First of all, Donald Trump’s claim that the whistleblower is “highly partisan” is based on nothing in particular, since the identity of the person who filed the report is still unknown, except to a very small number of persons. Given how hard Trump has worked to weed out dissenters and to surround himself with nothing but the most ardent loyalists, it is somewhat unlikely that an agent of the “Radical Left” had access to the information that forms the basis of the urgent complaint.

Furthermore, the Inspector General of the Intelligence Community, Michael Atkinson, is a Trump appointee, and he deemed the whistleblower complaint to be “credible” and “of urgent concern.” It should be clear to anyone with a working mind that a situation in which the person heading the nation’s executive branch is suspected of having engaged in flagrant misconduct is not a partisan matter – it is a situation that every American should want to see investigated. Donald Trump’s supporters seem to disagree with that, however, and they are basing their objections against the release of the whistleblower’s report to Congress on two main arguments.

Argument number one was laid out by Phil Mudd in a spittle-flecked interview with Chris Cuomo in which the former CIA analyst shouted that it was “not the responsibility of the intel guys to go police the president and go snitch on him to the Congress.

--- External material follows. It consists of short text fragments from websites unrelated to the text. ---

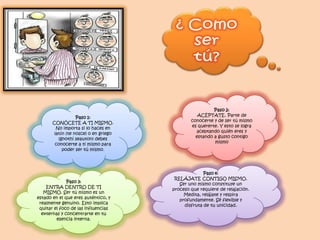 Paso 2:
                                                 ACÉPTATE. Parte de
                  Paso 1:
                                              conocerte y de ser tú mismo
       CONÓCETE A TI MISMO.
                                              es quererte. Y esto se logra
        No importa si lo haces en
                                                aceptando quién eres y
       latín (te nosce) o en griego
                                                estando a gusto contigo
         (gnothi seauton) debes
                                                        mismo
        conocerte a ti mismo para
           poder ser tú mismo.




                                                    Paso 4:
                                       RELÁJATE CONTIGO MISMO.
              Paso 3:
                                         Ser uno mismo constituye un
    ENTRA DENTRO DE TI
                                      proceso que requiere de relajación.
   MISMO. Ser tú mismo es un
                                           Medita, relájate y respira
estado en el que eres auténtico, y
                                         profundamente. Sé flexible y
 realmente genuino. Esto implica
                                           disfruta de tu unicidad.
 quitar el foco de las influencias
  externas y concentrarte en tu
         esencia interna.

Ridiculous!” Mudd’s mischaracterization of a member of the intelligence community who had followed legal protocol to lodge a complaint about serious misconduct as a snitch was happily picked up by Tucker Carlson’s Daily Caller which proceeded to make it the headline of one of its articles. We are now at the point, apparently, where the clerk who sets off the alarm during a bank robbery gets blamed, and not the bank robber.

The other line of argumentation is that the president can say anything and make any promise to a foreign head of state that he sees fit. “He can say what he wants, Chris,” Phil Mudd told Cuomo on live television, and many other pro-Trump commenters are echoing this notion. Trump and his supporters are drunk on an interpretation of Article II that gives the president unlimited power and indeed places him above the laws of the land. They have thus progressed from Trump’s infamous quote that he could shoot somebody in the middle of Fifth Avenue and not lose any votes to saying that he could shoot someone and not be criminally charged.

Quite tellingly, none of the comments made by Trump’s sycophants address the substance of the whistleblower’s complaint – namely, the allegation that Donald Trump tried to horse-trade U.S. taxpayer money in the shape of security aid to Ukraine for help with his personal re-election campaign. According to Former DOJ chief spokesperson Matthew Miller – now an MSNBC justice and security analyst – that is “about as high a crime and misdemeanor as one can imagine.”